Thursday, March 27, 2014
Snow White and the Huntsman
I saw Snow White & The Huntsman for the first time a few days ago, maybe because I had a craving for Game of Thrones. Unfortunately, this was like wanting a slice of warm apple pie topped with a scoop of ice cream, and getting an apple core to nibble on.
I’ll start with the good. The black glass warriors were very cool. Also, I liked the music at the end (the coronation plus the song that plays over the credits).
Other than that, everything was blah. Except for Charlize Theron’s turn as the evil queen Ravenna, who reminded me a little of Jeremy Irons’s evil mage Profion in the similarly awful Dungeons & Dragons. It’s as though they realized they were the only elements in the films with the potential to be something other than dull, but regardless, they couldn’t possibly make the films worth watching. So they just went to town on the scenery-chewing.
I can’t even think of Kristen Stewart’s character as Snow White. That character is Kristen Stewart, wearing a perpetually dazed and open-mouthed expression. The sets and clothes are so grungy that her two upper incisors, always on display, look all the whiter in comparison. Even when she’s crowned queen, she just stands there silently with her chest heaving, a tabula rasa to the end.
You can tell they were going for a Joan d’Arc vibe, because to gain her throne she put on armor, led a tiny army and fought the evil queen, but all throughout it I just wondered why no one was wearing a helm. Plus, the resolution of the battle is telegraphed from the moment she meets the titular huntsman. If a man teaches a woman a self-defence move, I guarantee the woman will pull that move out at the last minute to save herself from the villain.
Another problem is that I was never sure what was the source of the evil queen’s power. Shades of Elizabeth Bathory here, since she imprisoned a girl, fed on the girl’s youth and became beautiful while the girl grew old. But apparently there’s a whole village of women who have deliberately scarred their faces (just pale lines down their cheeks, wouldn’t want to gross anyone out) to deter the queen from choosing them. So… she derives her youthfulness from only hot women?

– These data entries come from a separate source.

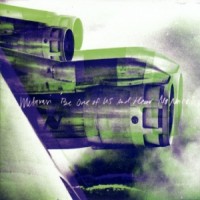 Metavari - Be One of Us and Hear No Noise (Cover Artwork)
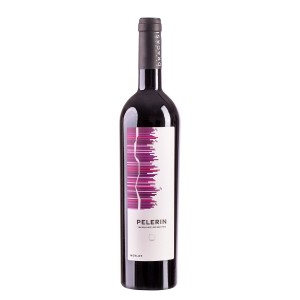 Domeniul Dragasi Pelerin Merlot
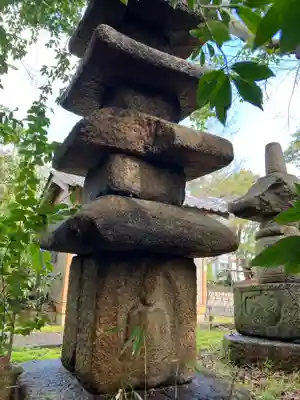 東門院(滋賀県)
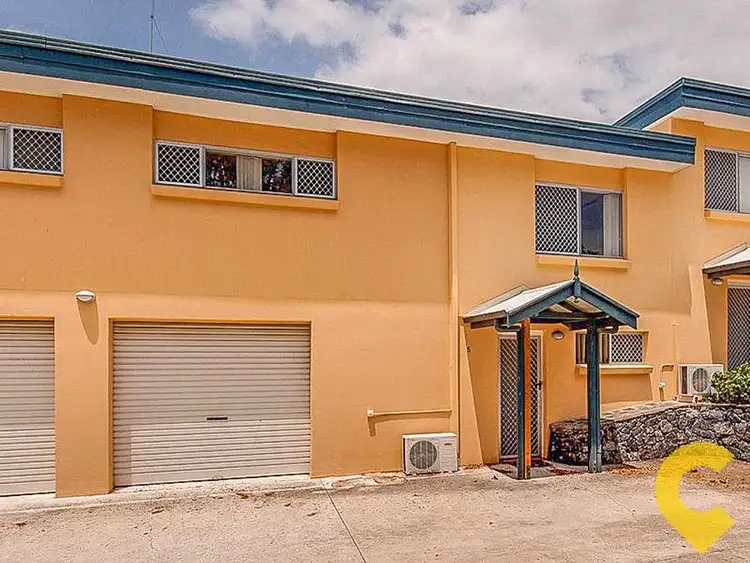 Main view of Homely townhouse listing, 5/505 Gympie Road, Strathpine QLD 4500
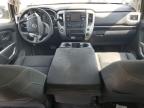 2017 Nissan Titan S for Sale in Ellenwood, GA - Front End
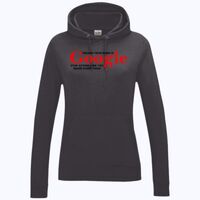 Women's College Hoodie Thumbnail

Then she eats a bird’s heart, and of course she wants Stewart’s as well – though why she kept Stewart locked up in the tower for years is anyone’s guess. As for the nature of her power, that goes beyond youthfulness. She’s got Wolverine’s healing factor, Mystique’s ability to change her appearance, super strength and telekinesis (she can raise a portcullis by walking to it). Oh, she also changes into a flock of birds. Basically, she’s all over the place, and no, I have no idea why Stewart was able to kill her at the end. But it was a relief, because that meant the film was over.
The dwarves were awful, the takeover of the castle was unbelievable, and the black glass warriors were utterly wasted. If millions of shards of obsidian fly at you at high speed, you’ll need to be rinsed off the walls. Of course, Stewart’s love interests are barely scratched.
These love interests are the scruffy huntsman (who doesn’t even have a name) and some pretty-boy duke’s son, both of whom kiss her after she eats the apple. I’m sure you can tell which one’s kiss works, but this is a modern retelling, not “Some Day My Unshaven Prince Will Come”, so he just exchanges a few angsty glances with her afterwards.
The queen, a self-made widow, has a love interest too – her brother. Yes, they were going for Jaime/Cersei here, because this film is a patchwork of borrowed concepts covering up a whole lot of nothing. The brother has a silly haircut and that’s about all I can say of him.
If you want to see a strong yet vulnerable princess, watch Pan's Labyrinth instead, because Ivana Baquero can act, plus there’s a gripping story and a believable villain to go along with her. Everything this film doesn’t have.